Natural Gas. Natural gas prices began increasing last summer, primarily due to low levels of natural gas storage (Figure 3), with spot prices increasing more than $4 per thousand cubic feet since late June. During the heating season from October 2000 through March 2001, the wellhead price of natural gas is currently estimated to have more than doubled from the price during the previous season, averaging about $5.60 per thousand cubic feet, in nominal dollars (Figure 4). When the heating season ends, average wellhead prices are projected to decline, averaging about $4.05 per thousand cubic feet for the spring and summer. Due to projected high levels of demand growth for natural gas, particularly for electricity generation but also in the industrial sector, it is highly unlikely that wellhead prices will decline to the level of $2 per thousand cubic feet of one year ago. In 2001, the average wellhead price is projected to be about $4.70 per thousand cubic feet, compared to an annual average of about $3.60 per thousand cubic feet in 2000, in nominal dollars. However, hot summer weather in regions with high levels of natural gas-fired electricity generation could reduce storage injections for next year's heating season and lead to higher seasonal price increases. In 2002, we expect the storage situation to improve somewhat with increases in production and imports, leading to a modest decrease in the average annual wellhead price to about $4.30 per thousand cubic feet, in nominal dollars. Domestic natural gas production for 2001 and 2002 is expected to rise as production responds to the high rates of drilling experienced over the past year. In 2000, drilling for natural gas in the United States increased by 45 percent over the 1999 level of 10,500 wells, in response to a 66-percent increase in the average natural gas wellhead price from 1999 to 2000 (Figure 5). Production is estimated to have risen by 3.1 percent in 2000 and is projected to increase by rates of 3.3 percent in 2001 and 2.5 percent in 2002 as higher natural gas prices are expected to encourage a moderate growth in supply. In contrast, natural gas production declined slightly from 1997 to 1998 and from 1998 to 1999.

Electricity. Electricity demand is expected to grow at a rate of about 2.2 percent in 2001 and 2.3 percent in 2002, compared to a estimated growth rate of 3.6 percent between 1999 and 2000. Slower growth is expected in part due to slower projected economic growth. Electricity demand for this winter is expected to be 4.6 percent higher than the previous winter, due to higher residential and commercial demand and the cold temperatures in November and December. Natural gas deliverability problems in California have helped to increase natural gas prices and have frequently caused interruptible customers, including electricity generators, to be cut off in that State.
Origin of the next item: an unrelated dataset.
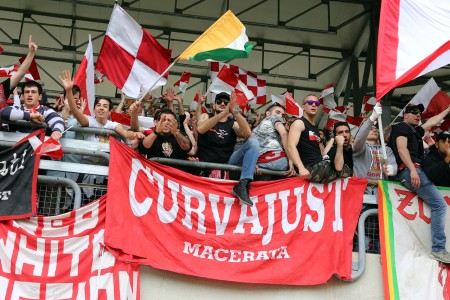 Tifosi della Maceratese a San Benedetto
The current situation in California is characterized by low natural gas storage, natural gas pipeline bottlenecks, high electricity demand, and low availability of hydropower resources, combined with no significant capacity additions in the last ten years. In addition, the San Onofre 3 nuclear unit is currently offline due to a fire in early February and may not return to service for several months. The average residential price of electricity in the United States is projected to increase from 8.2 cents per kilowatthour in 2000 to 8.3 and 8.4 cents per kilowatthour in 2001 and 2002, respectively, in nominal dollars, largely due to fuel costs.

The Outlook to 2020

AEO2001 provides an integrated projection of U.S. energy market trends for the next two decades on an annual basis. The following discussion highlights the major categories of domestic energy demand and supply.

Consumption. Total energy consumption is projected to increase from 96.1 to 127.0 quadrillion British thermal units (Btu) between 1999 and 2020, an average annual increase of 1.3 percent. Transportation energy demand is expected to increase at an average annual rate of 1.8 percent to 38.5 quadrillion Btu in 2020 and is the fastest growing end-use sector. The growth in transportation use is driven by 3.6-percent growth in air travel, the most rapidly increasing transportation mode, and 1.9-percent annual growth in light-duty vehicle travel, the largest component of transportation energy demand, coupled with slow growth in vehicle efficiency.

Residential and commercial energy consumption is projected to increase at average annual rates of 1.2 and 1.4 percent, respectively, reaching 24.4 quadrillion Btu in 2020 for residential demand and 20.8 quadrillion Btu for commercial demand. In both sectors, the growth in demand is led by electricity consumption for a variety of equipment--telecommunications, computers, office equipment, and other appliances. Electricity use is projected to increase at annual rates of 1.9 and 2.0 percent, in the residential and commercial sectors, respectively. Industrial energy demand is projected to increase at an average rate of 1.0 percent per year, reaching 43.4 quadrillion Btu in 2020, as efficiency improvements in the use of energy help to offset growth in manufacturing output. The projections incorporate promulgated efficiency standards for new energy-using equipment in buildings and for motors, as authorized by the National Appliance Energy Conservation Act of 1987 and the Energy Policy Act of 1992. Since AEO2001 included only those laws, regulations, and standards in effect as of July 1, 2000, the new standards for residential clothes washers, water heaters, and central air conditioners and heat pumps and commercial heating, cooling, and water heating equipment issued in January 2001 are not included. In addition to the impact of efficiency standards, improvements in efficiency are projected as a result of expected technological improvement and market forces.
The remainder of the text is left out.